→ **SUPPLIED MATERIAL**:
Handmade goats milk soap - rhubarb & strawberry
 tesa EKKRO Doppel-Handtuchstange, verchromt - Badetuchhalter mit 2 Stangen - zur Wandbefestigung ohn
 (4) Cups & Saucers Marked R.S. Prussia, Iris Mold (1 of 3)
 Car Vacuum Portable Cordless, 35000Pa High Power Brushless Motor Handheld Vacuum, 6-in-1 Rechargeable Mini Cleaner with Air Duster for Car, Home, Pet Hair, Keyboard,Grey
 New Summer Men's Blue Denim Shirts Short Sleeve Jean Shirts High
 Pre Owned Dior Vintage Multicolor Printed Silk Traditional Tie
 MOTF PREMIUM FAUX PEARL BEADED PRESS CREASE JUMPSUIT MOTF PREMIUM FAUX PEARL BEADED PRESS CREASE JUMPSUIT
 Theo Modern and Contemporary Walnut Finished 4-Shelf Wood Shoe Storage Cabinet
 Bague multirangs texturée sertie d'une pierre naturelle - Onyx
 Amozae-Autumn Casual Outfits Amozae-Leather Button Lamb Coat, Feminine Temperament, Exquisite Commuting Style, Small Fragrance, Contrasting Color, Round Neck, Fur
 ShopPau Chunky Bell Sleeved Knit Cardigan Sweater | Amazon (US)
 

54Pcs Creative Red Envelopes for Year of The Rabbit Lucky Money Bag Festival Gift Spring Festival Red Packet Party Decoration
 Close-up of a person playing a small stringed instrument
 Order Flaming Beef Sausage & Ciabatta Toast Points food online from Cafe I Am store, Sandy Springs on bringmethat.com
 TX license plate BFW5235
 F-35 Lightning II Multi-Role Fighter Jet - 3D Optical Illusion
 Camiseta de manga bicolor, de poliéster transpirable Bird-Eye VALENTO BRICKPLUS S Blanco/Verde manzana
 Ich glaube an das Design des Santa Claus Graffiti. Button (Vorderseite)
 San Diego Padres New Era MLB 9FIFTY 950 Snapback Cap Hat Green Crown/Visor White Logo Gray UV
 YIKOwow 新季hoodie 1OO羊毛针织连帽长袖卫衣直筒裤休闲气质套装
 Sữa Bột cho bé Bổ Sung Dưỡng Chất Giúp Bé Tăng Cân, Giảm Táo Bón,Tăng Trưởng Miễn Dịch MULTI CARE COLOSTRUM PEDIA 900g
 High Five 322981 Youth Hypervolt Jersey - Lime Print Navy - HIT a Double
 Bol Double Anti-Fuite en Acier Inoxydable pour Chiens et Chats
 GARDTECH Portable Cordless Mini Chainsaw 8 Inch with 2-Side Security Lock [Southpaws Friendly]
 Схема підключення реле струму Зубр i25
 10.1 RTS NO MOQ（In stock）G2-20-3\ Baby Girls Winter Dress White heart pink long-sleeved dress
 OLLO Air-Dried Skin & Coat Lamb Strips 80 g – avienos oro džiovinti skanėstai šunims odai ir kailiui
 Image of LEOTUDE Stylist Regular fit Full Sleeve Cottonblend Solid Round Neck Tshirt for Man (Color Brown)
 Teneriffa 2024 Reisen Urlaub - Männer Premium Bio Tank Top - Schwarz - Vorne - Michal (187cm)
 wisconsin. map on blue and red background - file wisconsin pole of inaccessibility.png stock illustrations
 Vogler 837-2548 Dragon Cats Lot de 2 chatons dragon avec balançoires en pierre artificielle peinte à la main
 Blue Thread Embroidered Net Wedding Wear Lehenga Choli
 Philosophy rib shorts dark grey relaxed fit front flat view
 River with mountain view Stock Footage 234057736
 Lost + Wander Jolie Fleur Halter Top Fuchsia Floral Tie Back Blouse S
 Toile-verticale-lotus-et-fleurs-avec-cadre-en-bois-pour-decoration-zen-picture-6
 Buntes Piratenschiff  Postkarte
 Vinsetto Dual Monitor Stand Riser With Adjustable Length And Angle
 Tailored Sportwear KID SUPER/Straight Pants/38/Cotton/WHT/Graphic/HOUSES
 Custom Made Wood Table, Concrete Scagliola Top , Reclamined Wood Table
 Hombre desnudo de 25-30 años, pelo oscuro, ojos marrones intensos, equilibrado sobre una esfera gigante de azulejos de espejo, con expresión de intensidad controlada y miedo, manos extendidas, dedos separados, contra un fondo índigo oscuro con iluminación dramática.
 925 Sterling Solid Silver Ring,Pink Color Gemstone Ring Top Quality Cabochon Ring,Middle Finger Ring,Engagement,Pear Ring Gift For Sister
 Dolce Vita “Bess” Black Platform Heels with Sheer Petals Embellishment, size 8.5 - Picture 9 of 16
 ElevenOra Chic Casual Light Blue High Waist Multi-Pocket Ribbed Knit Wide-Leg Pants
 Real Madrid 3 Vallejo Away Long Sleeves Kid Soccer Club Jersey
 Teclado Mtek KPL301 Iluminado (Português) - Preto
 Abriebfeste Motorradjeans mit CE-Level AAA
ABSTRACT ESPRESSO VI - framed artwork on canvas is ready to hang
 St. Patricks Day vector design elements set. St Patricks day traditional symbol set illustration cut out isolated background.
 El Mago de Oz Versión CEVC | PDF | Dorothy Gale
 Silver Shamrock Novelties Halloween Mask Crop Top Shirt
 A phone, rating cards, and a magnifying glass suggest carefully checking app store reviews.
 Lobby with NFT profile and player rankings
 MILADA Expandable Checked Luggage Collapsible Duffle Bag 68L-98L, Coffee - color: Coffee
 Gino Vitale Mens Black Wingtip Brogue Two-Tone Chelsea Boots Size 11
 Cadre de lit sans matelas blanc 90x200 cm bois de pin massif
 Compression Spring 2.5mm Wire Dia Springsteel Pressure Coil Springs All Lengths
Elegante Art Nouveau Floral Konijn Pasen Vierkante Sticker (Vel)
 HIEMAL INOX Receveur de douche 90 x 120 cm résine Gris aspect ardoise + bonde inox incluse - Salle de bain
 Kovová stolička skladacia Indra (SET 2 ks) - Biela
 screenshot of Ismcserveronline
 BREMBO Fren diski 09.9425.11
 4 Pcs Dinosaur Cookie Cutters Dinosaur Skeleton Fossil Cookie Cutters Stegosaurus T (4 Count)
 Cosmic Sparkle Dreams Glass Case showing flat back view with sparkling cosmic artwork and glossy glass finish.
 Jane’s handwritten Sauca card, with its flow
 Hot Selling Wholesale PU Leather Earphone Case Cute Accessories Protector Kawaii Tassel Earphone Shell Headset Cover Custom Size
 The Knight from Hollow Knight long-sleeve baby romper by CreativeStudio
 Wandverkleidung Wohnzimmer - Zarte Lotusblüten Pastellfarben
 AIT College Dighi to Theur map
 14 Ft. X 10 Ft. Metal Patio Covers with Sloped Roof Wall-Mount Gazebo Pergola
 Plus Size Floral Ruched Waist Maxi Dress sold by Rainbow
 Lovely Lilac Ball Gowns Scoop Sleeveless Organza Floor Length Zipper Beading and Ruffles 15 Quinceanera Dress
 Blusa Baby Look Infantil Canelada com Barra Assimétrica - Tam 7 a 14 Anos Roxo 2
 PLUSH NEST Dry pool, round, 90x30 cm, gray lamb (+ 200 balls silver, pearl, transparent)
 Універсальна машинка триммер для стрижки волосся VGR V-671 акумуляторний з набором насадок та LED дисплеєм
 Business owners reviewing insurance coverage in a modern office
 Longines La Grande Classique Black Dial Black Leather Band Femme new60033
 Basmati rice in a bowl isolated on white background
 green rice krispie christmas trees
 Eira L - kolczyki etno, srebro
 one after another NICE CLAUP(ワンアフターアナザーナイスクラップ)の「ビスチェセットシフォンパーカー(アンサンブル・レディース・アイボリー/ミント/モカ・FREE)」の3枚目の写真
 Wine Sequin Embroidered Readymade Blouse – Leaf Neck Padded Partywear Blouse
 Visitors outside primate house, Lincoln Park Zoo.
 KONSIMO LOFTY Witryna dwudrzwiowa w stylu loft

→ **ASSIGNED TASK**: Only the count, no other text: how many lines in the listing above hold "Casual"?

→ **SOLUTION**: 2